Begin at the line that contains "Stylish and durable" and reproduce it along with every line after it to the end of the listing; skip any pictures.
Start of GIVEN MATERIAL
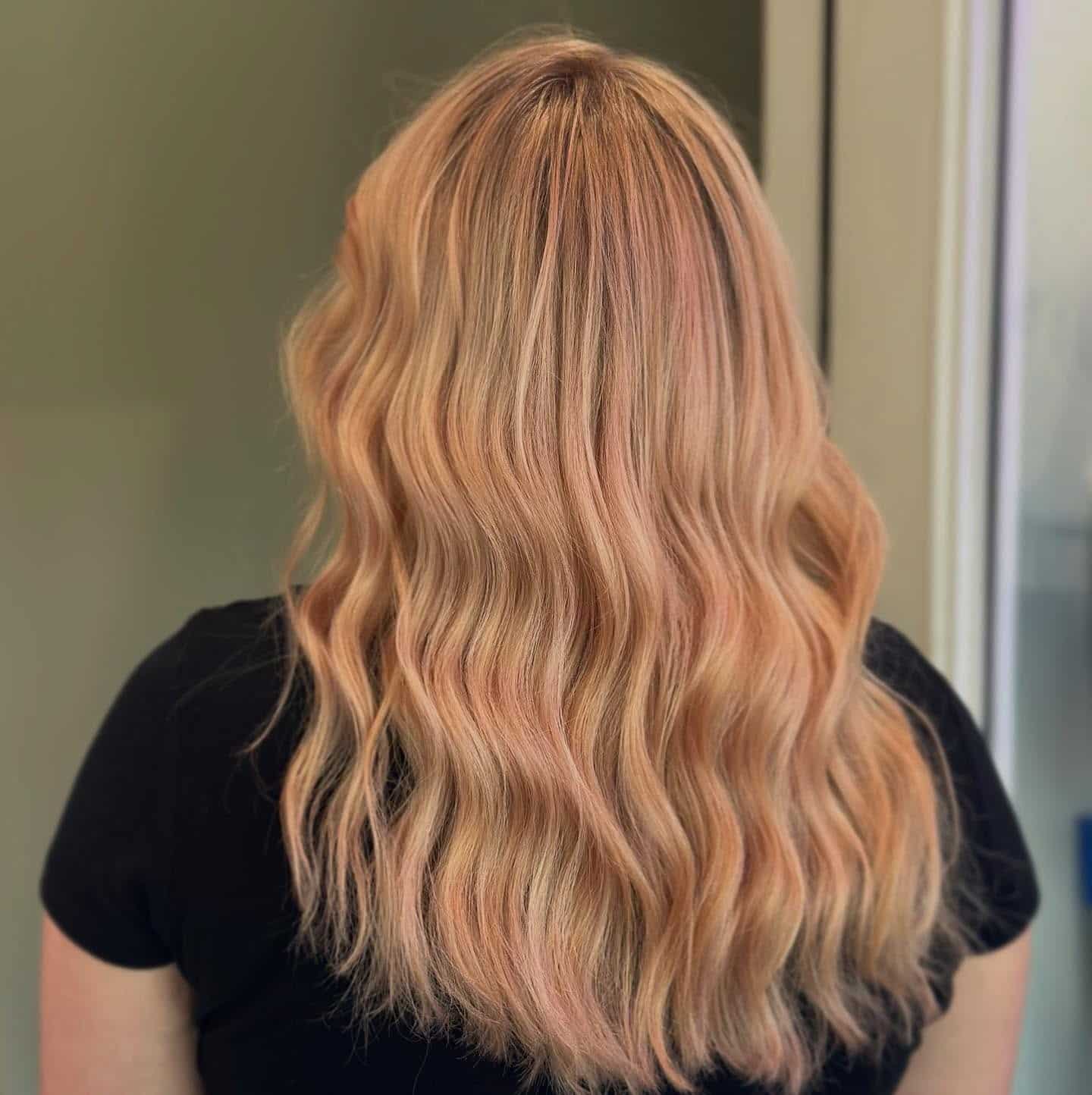 16. Soft Blush Strawberry Waves - Strawberry Blonde Hair Color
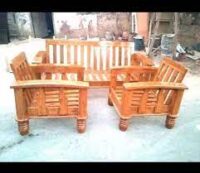 Stylish and durable 2-seater wooden sofa set with a sturdy frame and plush cushions, perfect for homes, offices, and small spaces.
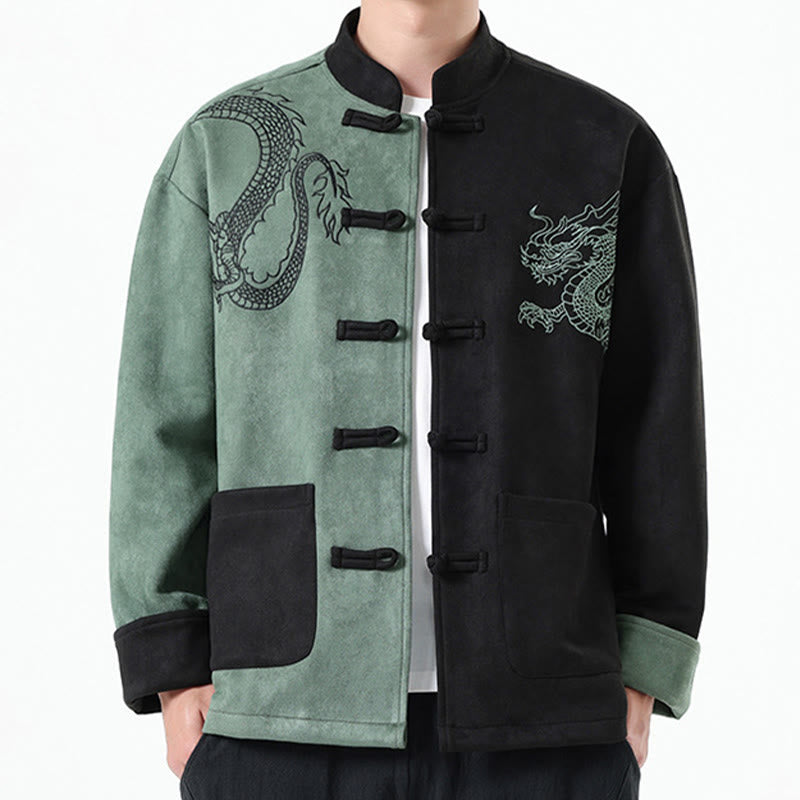 Mythstone Dragon Embroidery Casual Frog-button Cotton Men's Jacket Shirt Clothing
End of GIVEN MATERIAL
= YOUR RESPONSE =
 Stylish and durable 2-seater wooden sofa set with a sturdy frame and plush cushions, perfect for homes, offices, and small spaces.
 Mythstone Dragon Embroidery Casual Frog-button Cotton Men's Jacket Shirt Clothing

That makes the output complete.